A WOLF STREET reader shares his experience and emotional tension of buying and taking possession of physical gold.
By Andrew Kelly, a WOLF STREET reader:
It’s interesting how we Wolf Street intellectuals want to practice non-attachment, and then wind up buying gold. It cost me 3 days of fussing around, driving in city traffic, privately freaking out about legal commitments, and asking friends for advice. I took notes about everything. Here is what I learned about Buying Gold, and maybe this experience will be useful to you too.
Buy small units of gold, not big bars. A Jewish lady once told a friend (who told me) that she escaped from 1940’s war-torn Europe by slipping little gold wafers to border guards and officials to escape the country. No one wants to redeem a big pile of metal, it seems.
There is no “discovery price,” or true value, of gold. The “spot gold” price that you see posted on the internet is a theoretical value. A gold dealer has many considerations to determine a sale price.
There is no true “premium” or “commission” that a dealer charges for you to buy gold. A gold dealer has to think long term. They pay a charge to convert currencies (for Canadian buyers), and they pay money to ship, store, and secure real gold for their customers, so they have to add service costs. I calculated what the commission was after I chose to buy from a local Vancouver coin and jewelry dealer. They charged me roughly 3%. This compared very favorably with a Canadian bank, which was prepared to charge me over 6%.

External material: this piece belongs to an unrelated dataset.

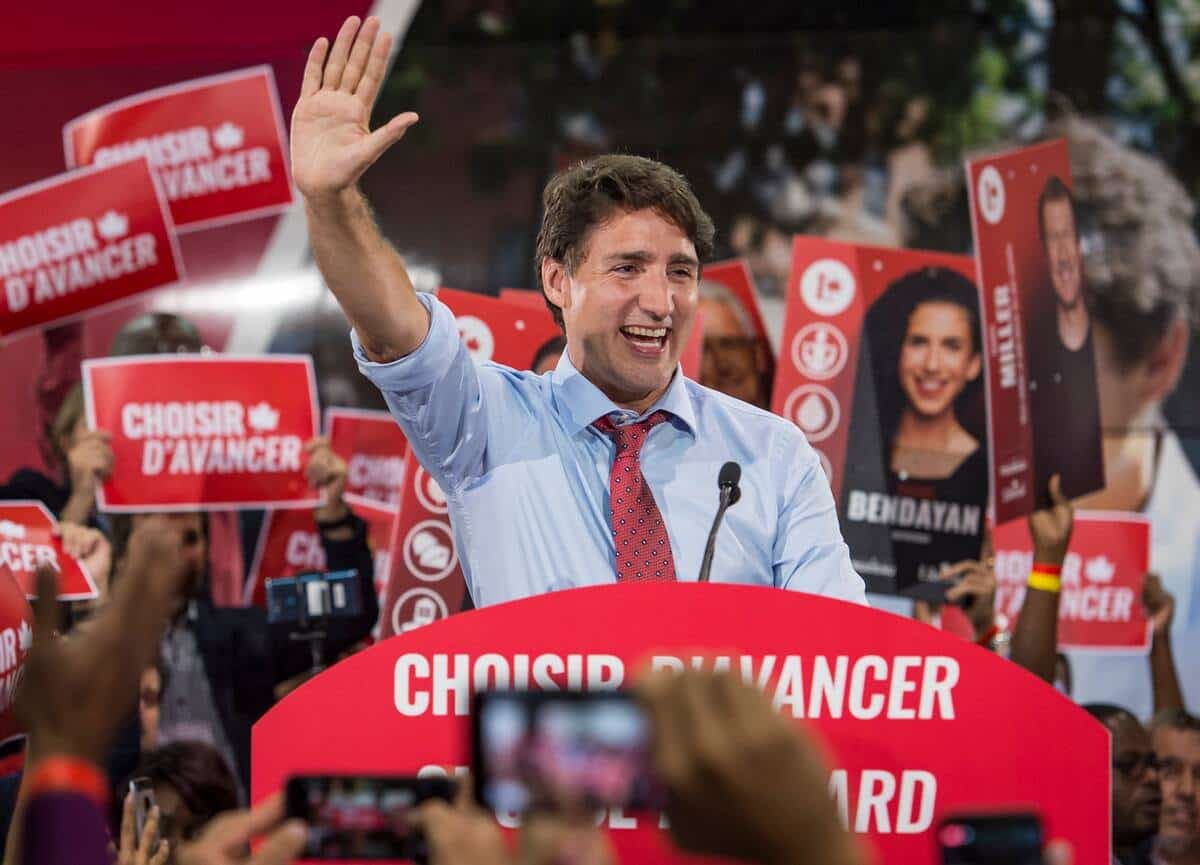 Malgré les allégations d’ingérence étrangère, notamment en provenance de la Chine, le gouvernement canadien estime que cela n’aurait pas eu d’effets négatifs sur les résultats des élections de 2019, qui ont reporté les libéraux de Justin Trudeau au pouvoir.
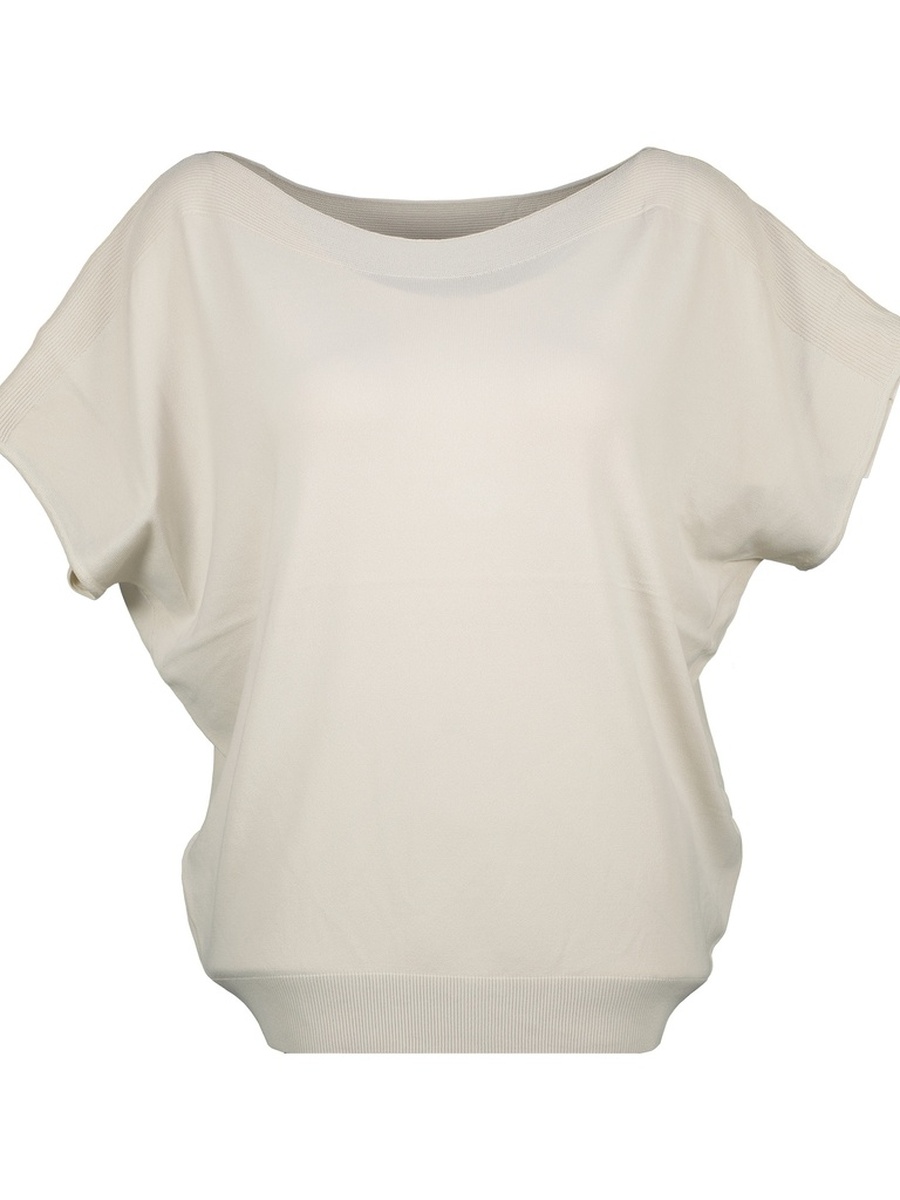 Pull van het merk Amelie&amelie in het Beige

Don’t trust banks. None of them. Banks obviously don’t want to deal in gold currency when they have more profitable “market funds” for their own arrangements. Banks will not give useful information about their costs or margins to their own employees, let alone Joe Public, so it’s better to find a brick-and-mortar store for purchases.
A business adviser once wrote that investors should not invest in a company with quick profits, but rather, one should invest in a business with stable, long term managers. The coin and jewellery store I used has been in business for 40 years, and the clerk has worked there over five years. They may not look flashy, these old guys, but you can trust them.
Jewelers are real people, and it helps to ask questions to get a conversation going. Jewelers also have a cool X-ray machine which measures the metal content of coins or bars. I insisted on testing three sample gold-wafers from the goods I bought. Gold has to be removed from the tight, plastic wrappers with no knife marks or scratches, because the jewelers will mark down the value if you redeem the gold and it’s damaged. My samples all read 100% au (gold) without the wrap. By the end of three visits, with the bank draft cleared, and the gold inspected, the clerk graciously accompanied me to the parking lot for safety. Now I can watch the internet spot price and practice non-attachment if the price goes down!
My gold buying experience was almost entirely trial-and-error, and cost a great deal of emotional upheaval, but I hope Wolf Street readers will be a little wiser after reading this. By Andrew Kelly, a WOLF STREET reader.